Your goal:
Write out again, exactly as they appear, the lines from the start of the data below through the line with "2022 Tata ALTROZ"; no pictures.

Image-text web data:
↓

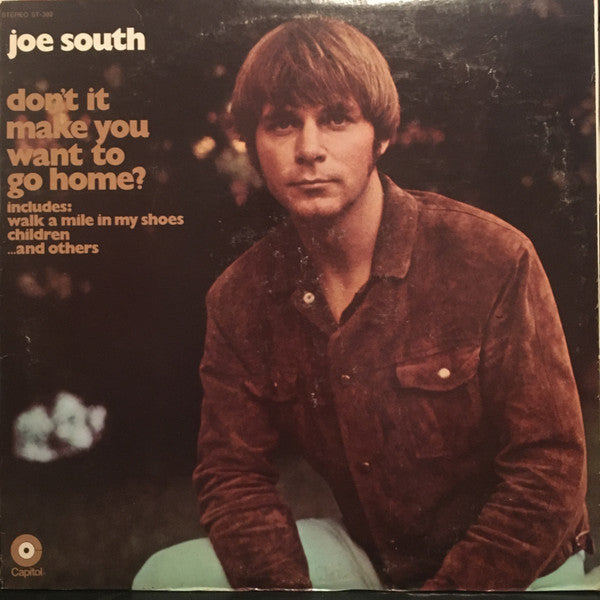 South, Joe - Don't It Make You Want To Go Home (Vinyl, VG) (Vinyl LP)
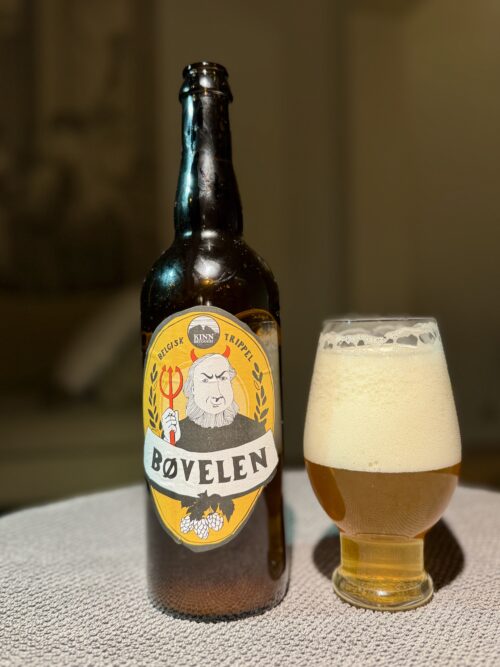 Läs mer om artikeln BØVELEN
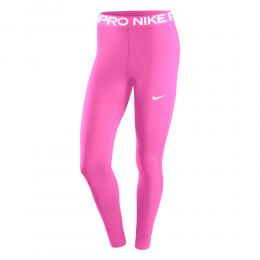 Nike Performance 365 Tight Damen - Pink, Weiß, Größe M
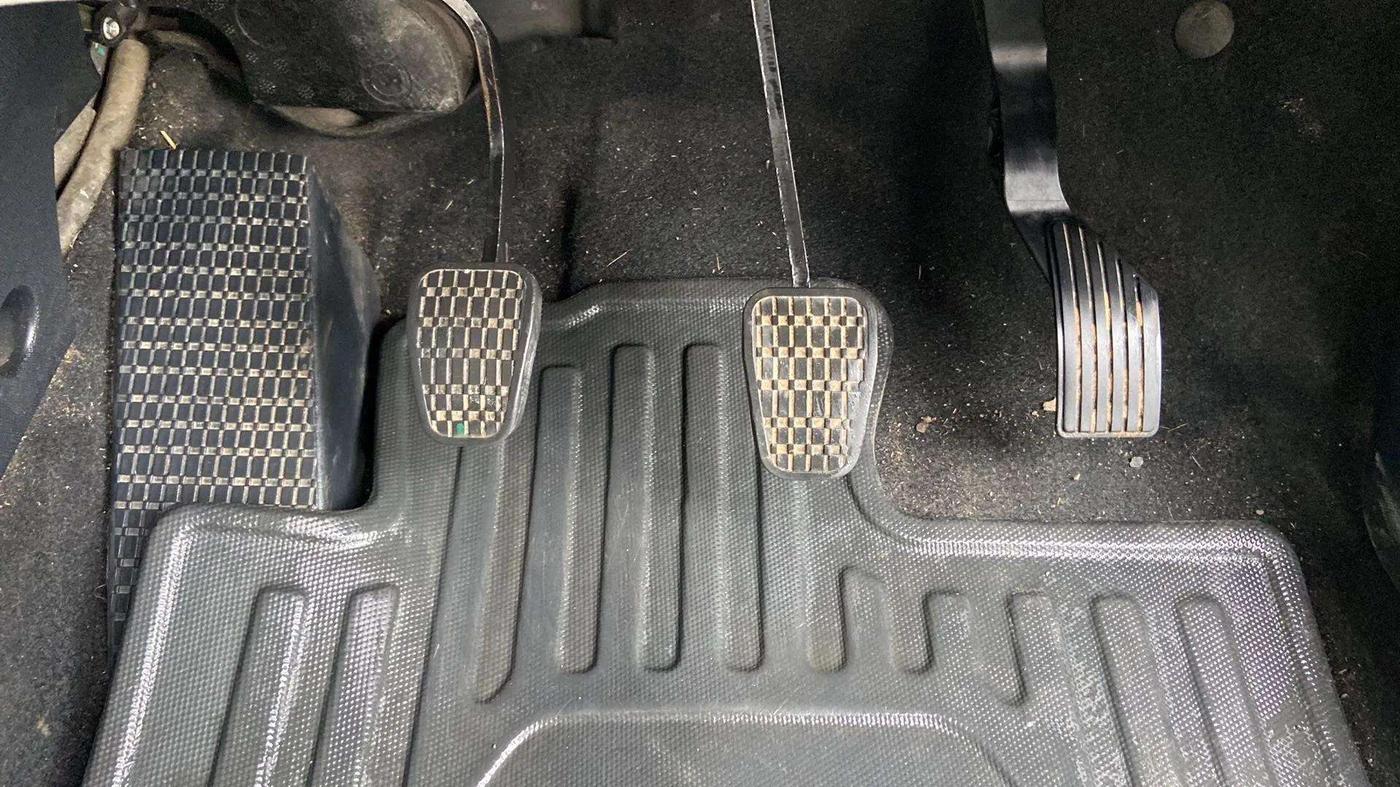 2022 Tata ALTROZ XM PLUS PETROL, Petrol, Manual, 27,261 km, Pedals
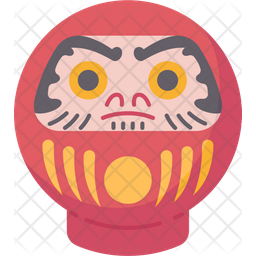 47 Daruma Icons - Free in SVG, PNG, ICO - IconScout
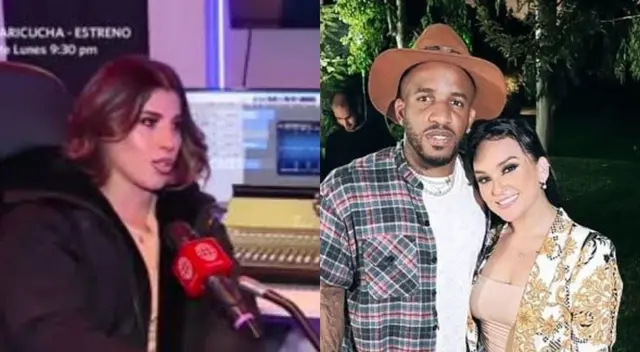 Yahaira sobre elogios de Farfán a Daniela Darcourt: Yahaira sobre elogios de Farfán a Daniela Darcourt:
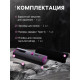 Плойка Luazon LW-16, 50 Вт, керамическое покрытие, d=19 мм, до 200°С, портативная, от USB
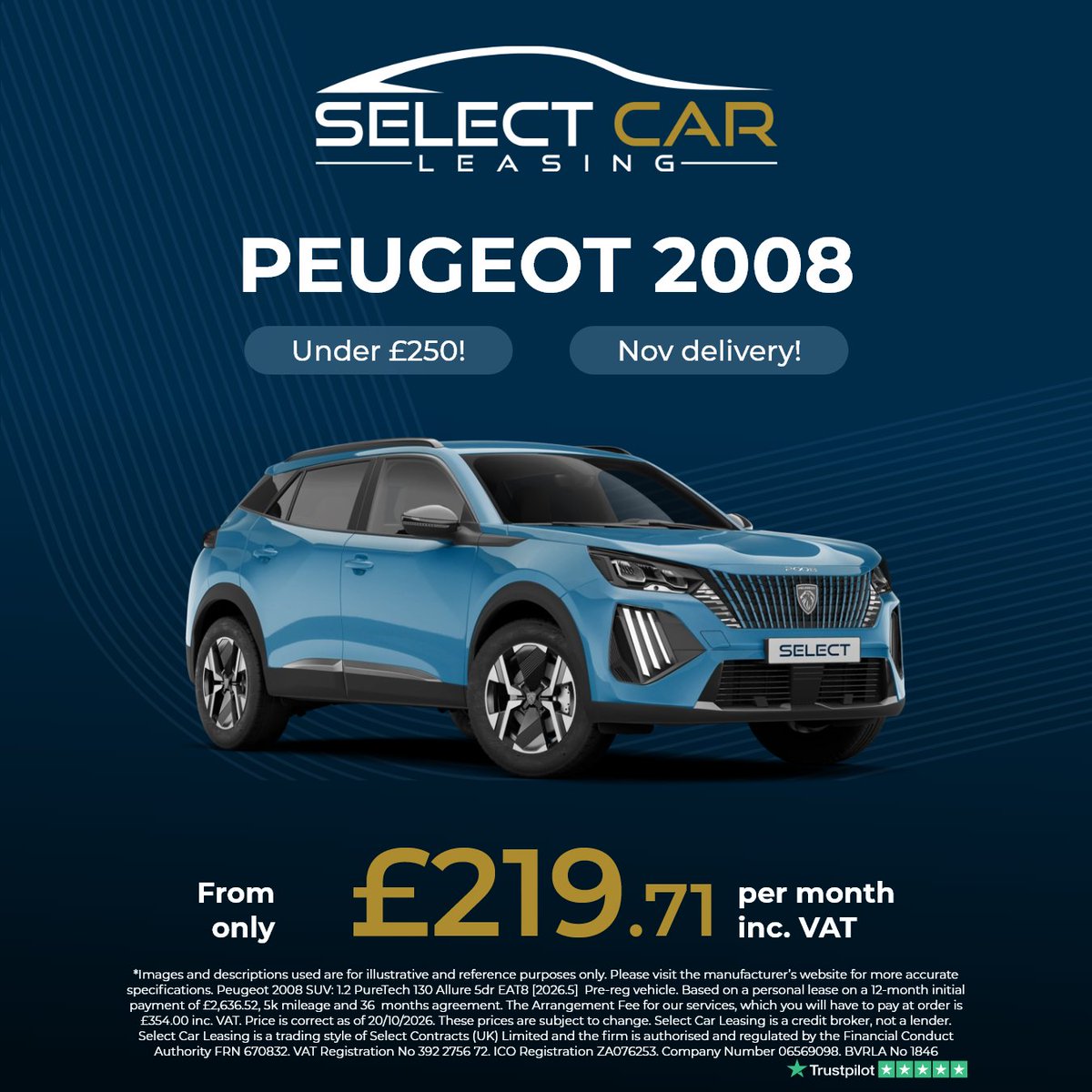 SC_Leasing's tweet photo. From Vauxhall's affordable, stylish Corsa, to Geely's all-electric EX5, check out our latest special offers 👇

Vauxhall Corsa 👉 https://t.co/D3kdDYf5TL

Geely EX5 👉 https://t.co/s2A7qs46r9

KGM Musso 👉 https://t.co/4WlFUzTWoB

Peugeot 2008 👉 https://t.co/hhvH7prCoh

*Price correct as of posting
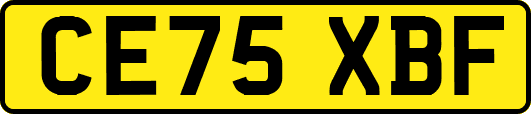CE75XBF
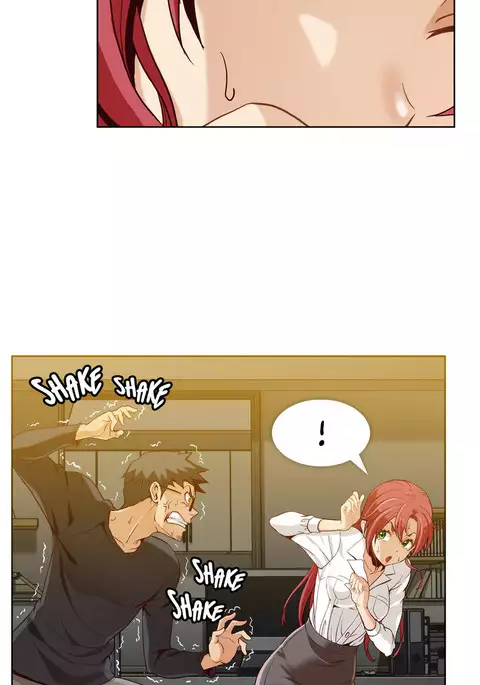 Secret Folder Ch.1-3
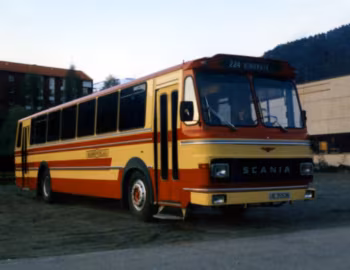 Scania BF86S-59 Vest Type 3 '1976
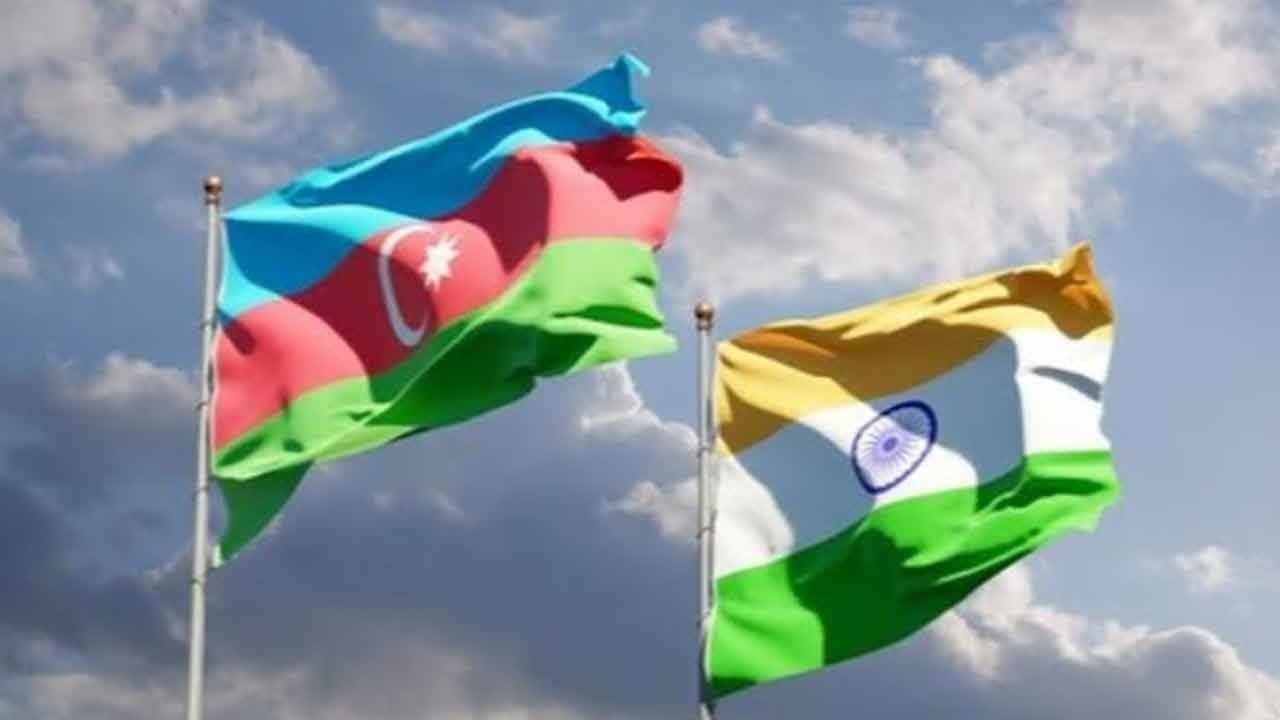 Foto - Aliyev'den herkesi şaşırtan görüşme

↑

Result:
 South, Joe - Don't It Make You Want To Go Home (Vinyl, VG) (Vinyl LP)
 Läs mer om artikeln BØVELEN
 Nike Performance 365 Tight Damen - Pink, Weiß, Größe M
 2022 Tata ALTROZ XM PLUS PETROL, Petrol, Manual, 27,261 km, Pedals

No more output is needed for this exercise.